→ WORK INSTRUCTIONS: Each line, starting at the one with "Axl Rose y secretario" and running to the end of the data below, is to be set down again exactly, both ends included; leave pictures out.

#### ENTRIES SHOWN ####

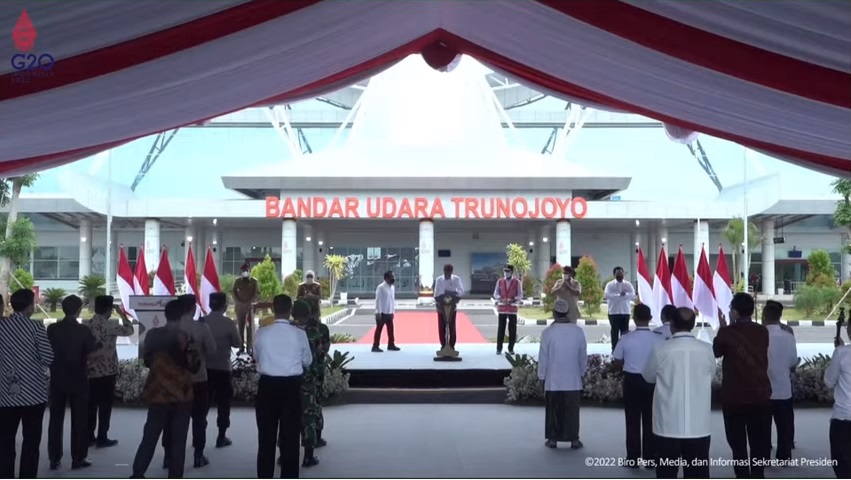 Presiden Jokowi saat meresmikan Bandara Trunojoyo, di Sumenep, Madura, Rabu (20/04/2022). (Foto: Tangkapan Layar)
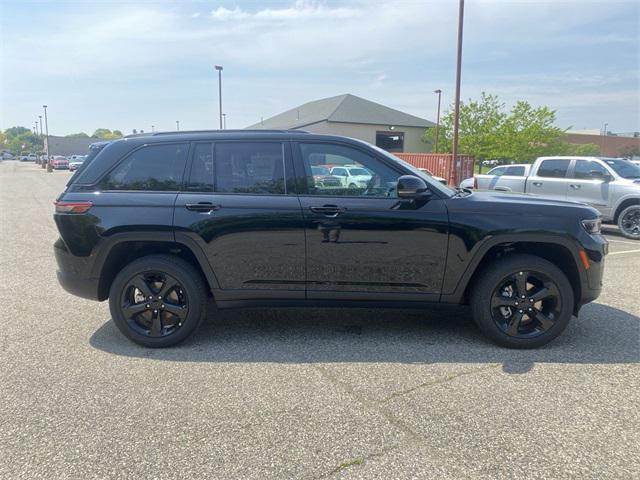 new 2024 Jeep Grand Cherokee car, priced at $41,724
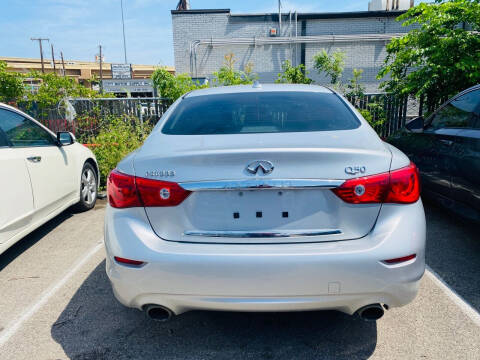2015 Infiniti Q50 for sale at Makka Auto Sales in Dallas TX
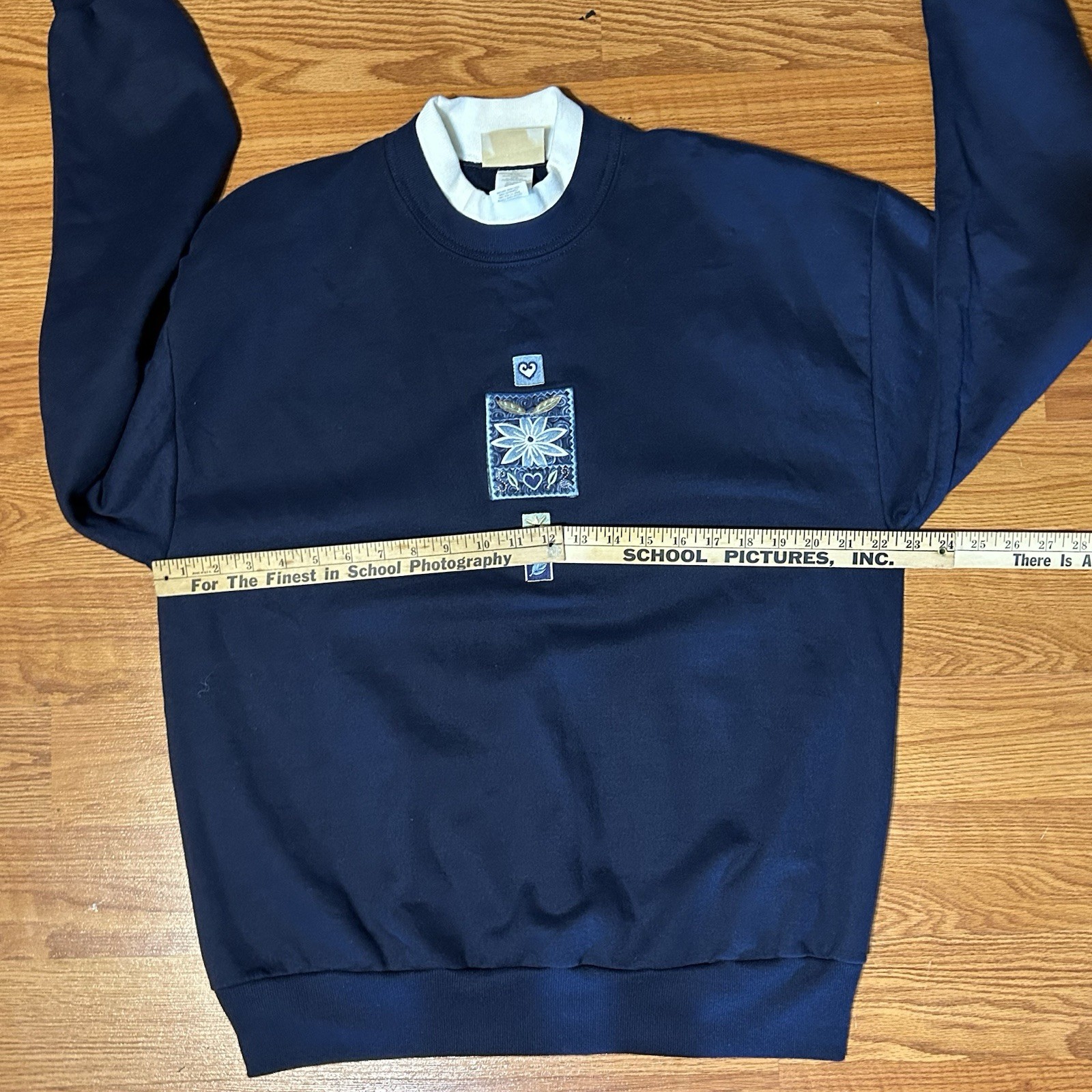Vintage Top Stitch Womens Size L Embroidered Sweatshirt Blue Cottagecore Grandma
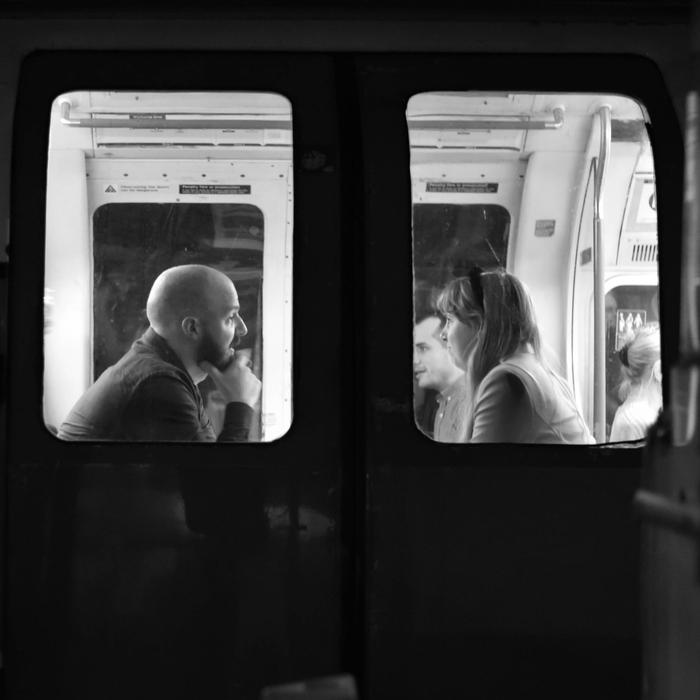 Image 4 from supperclub.tube - Dining on a Tube Train's image gallery'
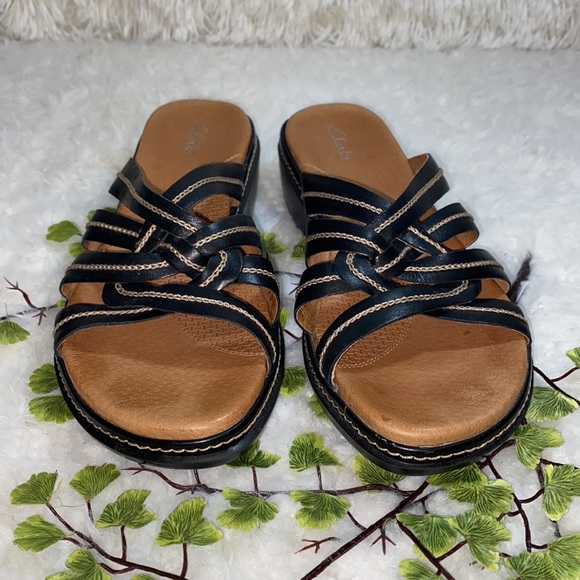 Women’s Clark’s Strappy Black Sandals - Picture 2 of 6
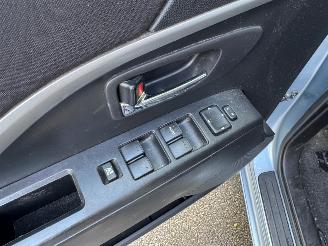 Mazda 5 7 PLACES picture 18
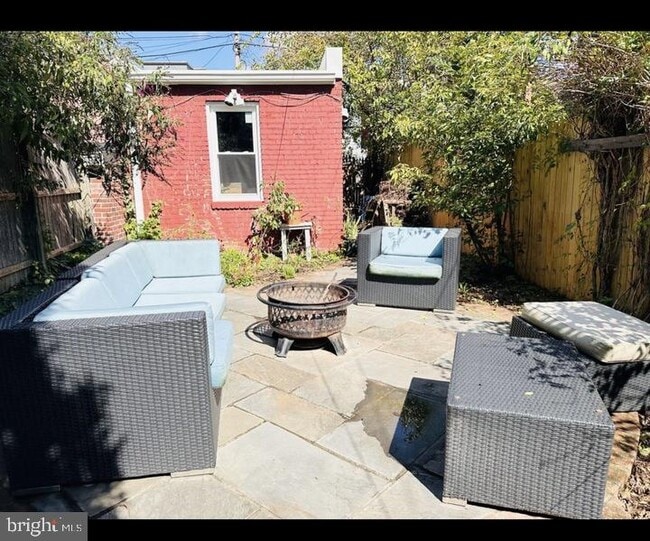 Building Photo - 119 W St NW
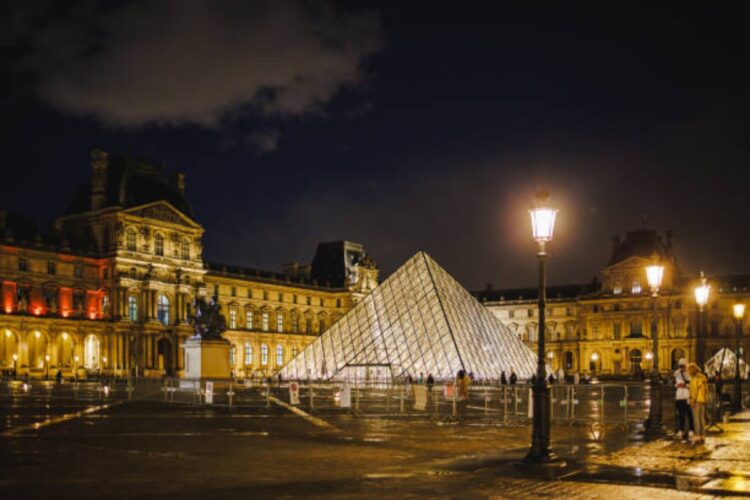Le rivelazioni sulla sicurezza al Louvre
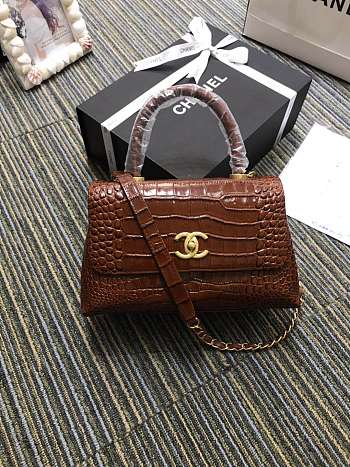 Chanel Crocodile Messenger Chain Bag A93050 Size 25 × 15 × 12 cm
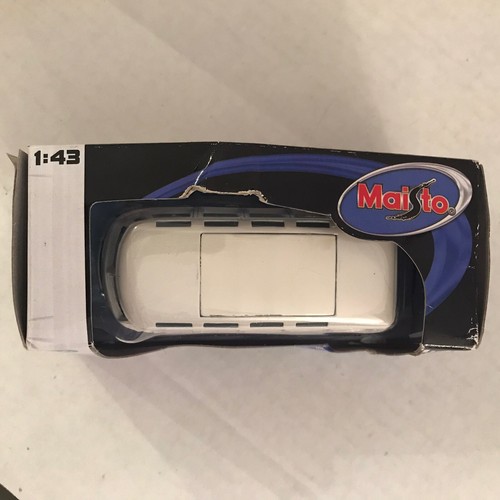 Maisto Volkswagen Samba VW Van 1:43 Diecast Red and White Open Box #21198 - Picture 9 of 11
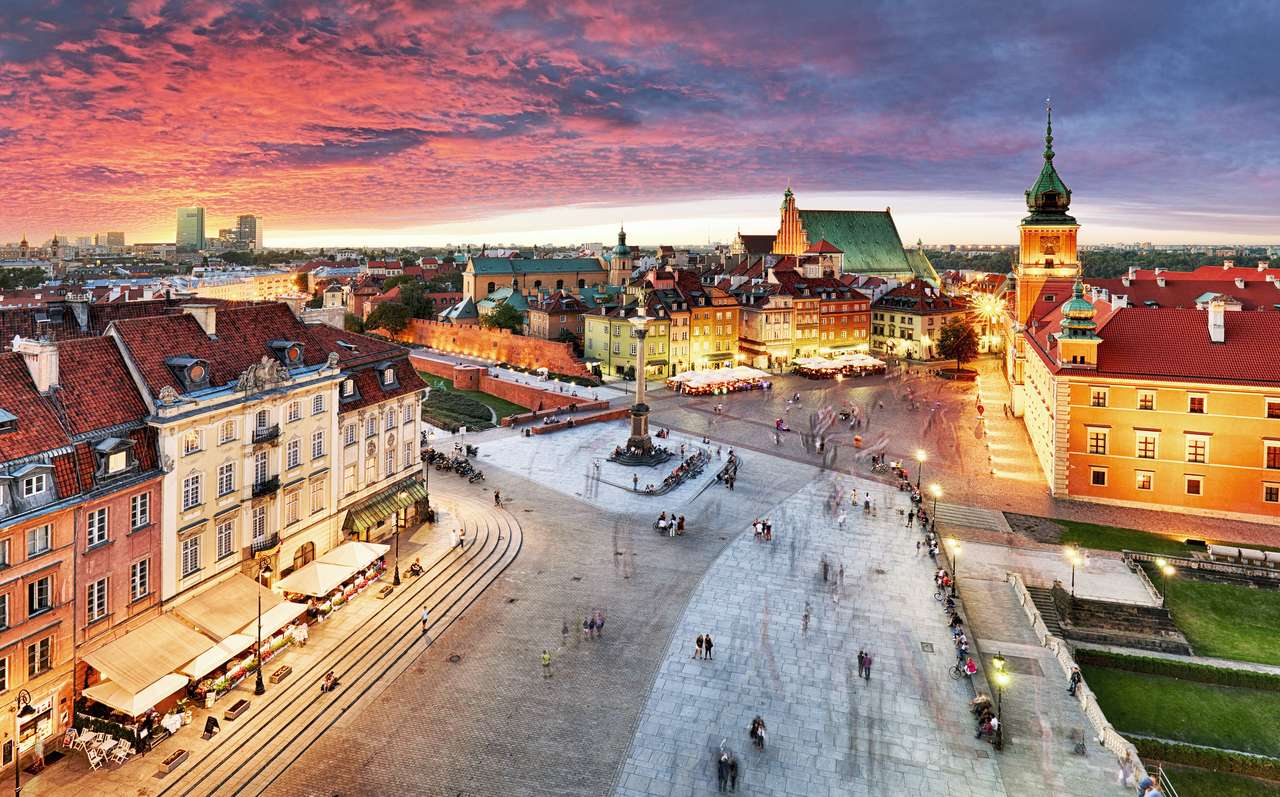Kungligt slott och gamla stan i Warszawa Pussel online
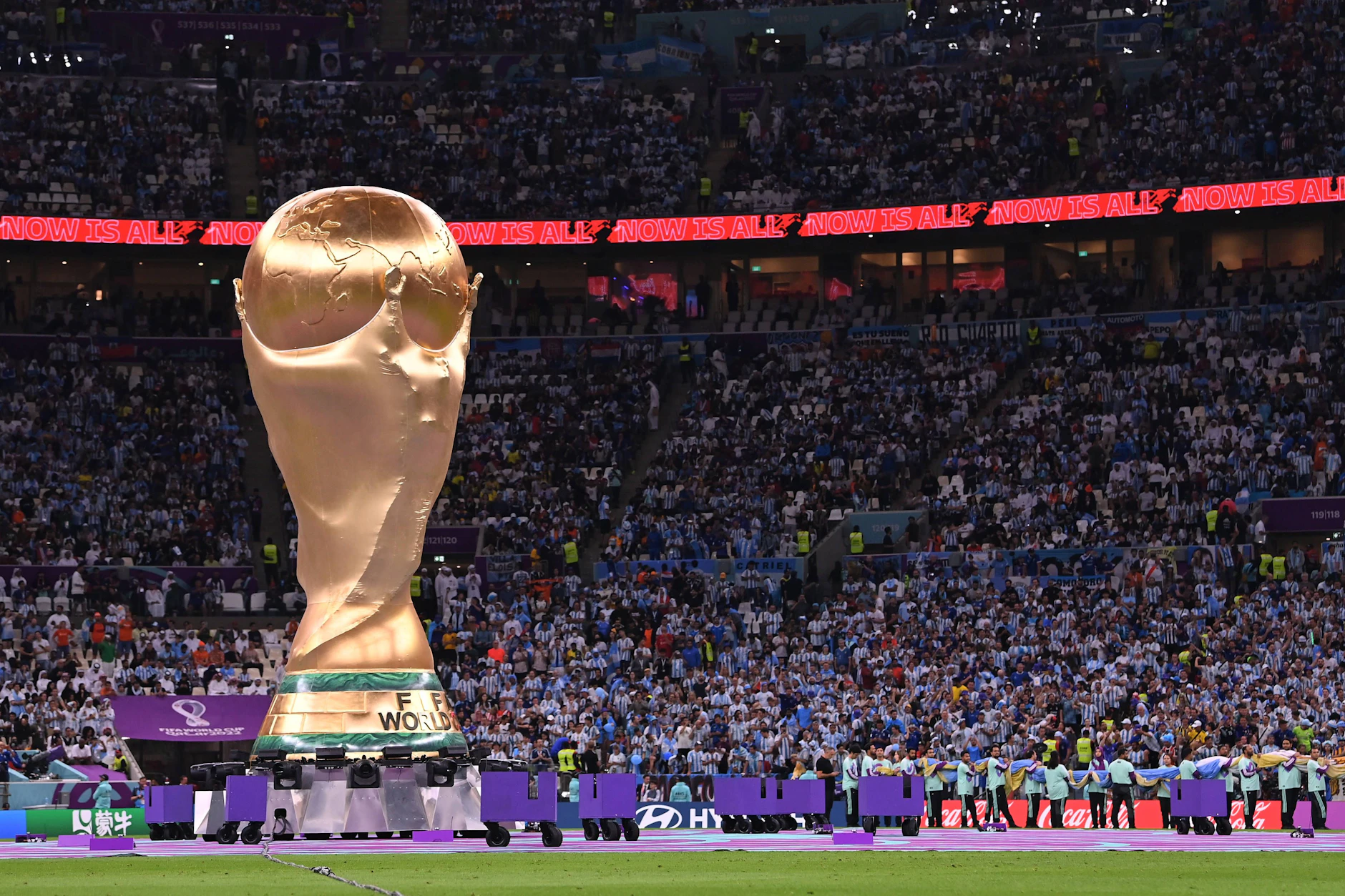 Die WM 2026 dauert diesmal fünf Wochen. Damit verlängert sich der Transferstau in diesem Sommer. Das hat auch Auswirkungen auf Hertha BSC.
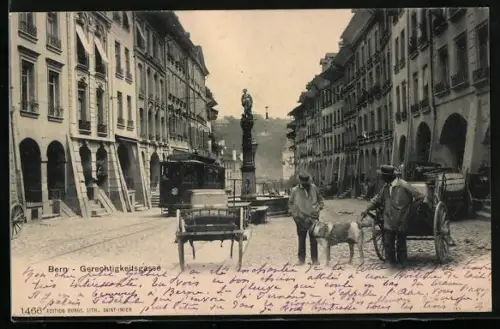 AK Bern, Gerechtigkeitsgasse mit Strassenbahn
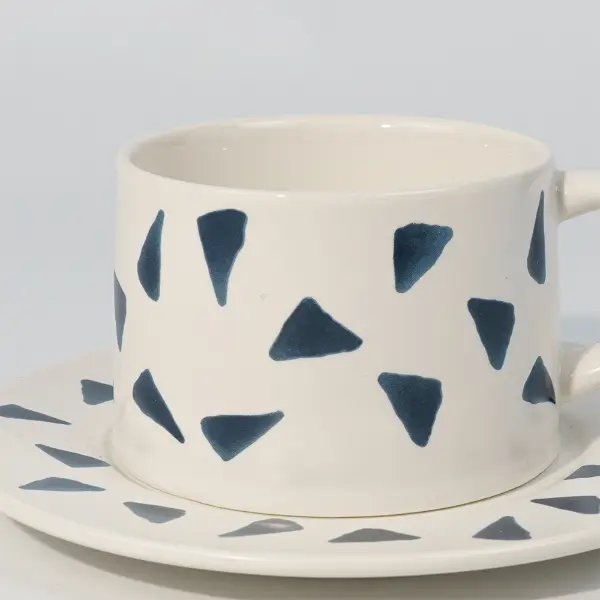 Seitenansicht der bedruckten Keramik-Kaffeetasse mit Griff und gedrucktem Muster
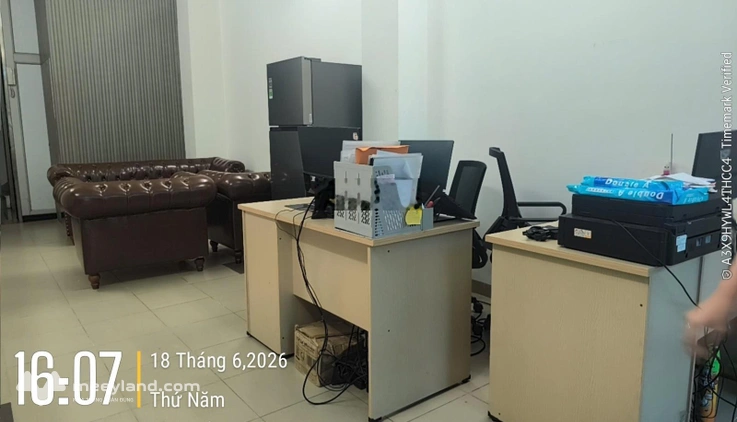 Cho thuê văn phòng 120m2 2 tầng liền kề Quận 1 giá siêu ưu đãi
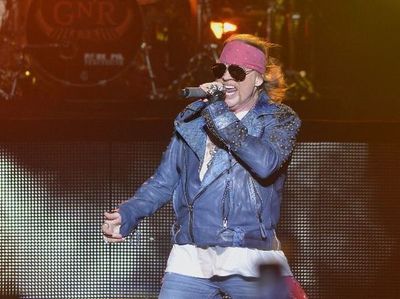 Axl Rose y secretario del Tesoro de EE.UU. protagonizan feroz pelea en redes - Música - ABC Color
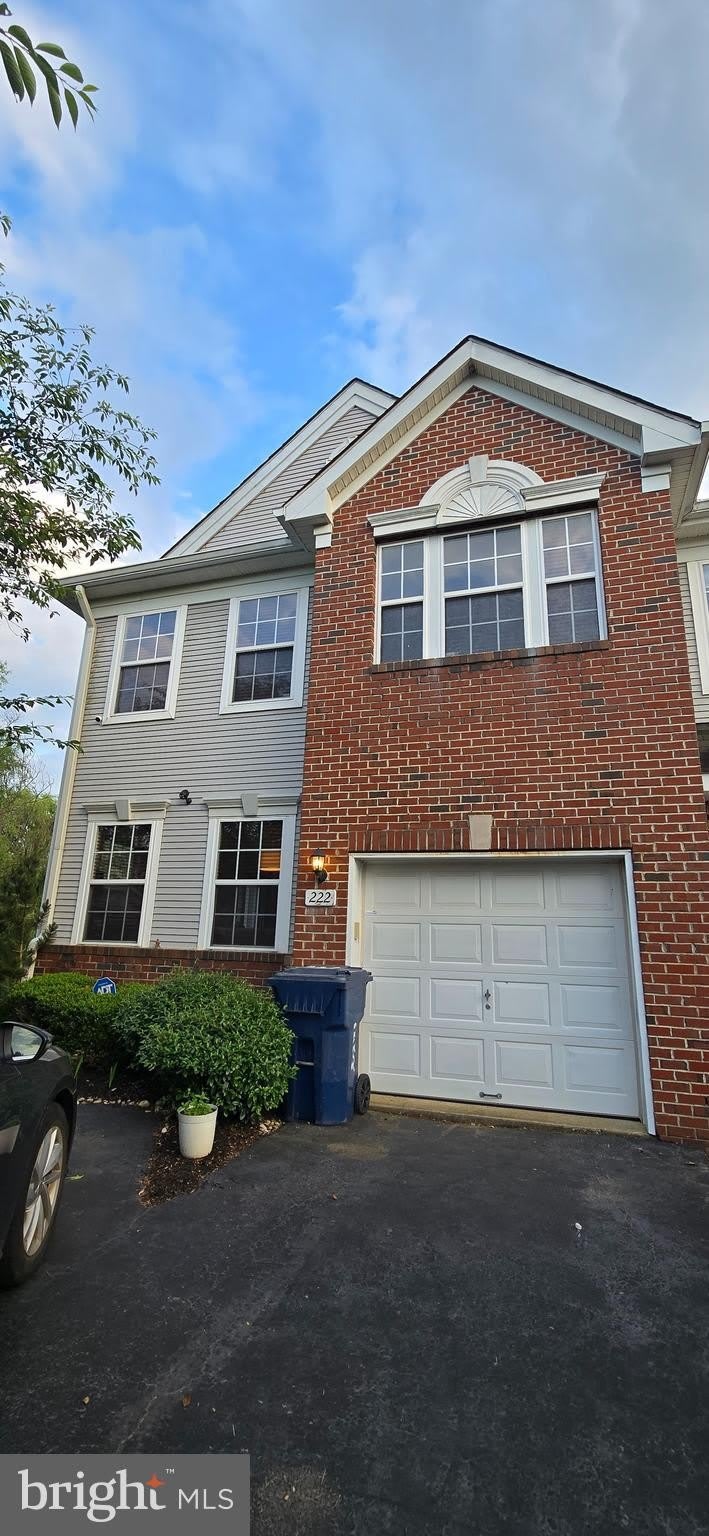 222 FOUNTAYNE Lane – photo 1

####

→ OUTPUT FOR THIS EXERCISE:
 Axl Rose y secretario del Tesoro de EE.UU. protagonizan feroz pelea en redes - Música - ABC Color
 222 FOUNTAYNE Lane – photo 1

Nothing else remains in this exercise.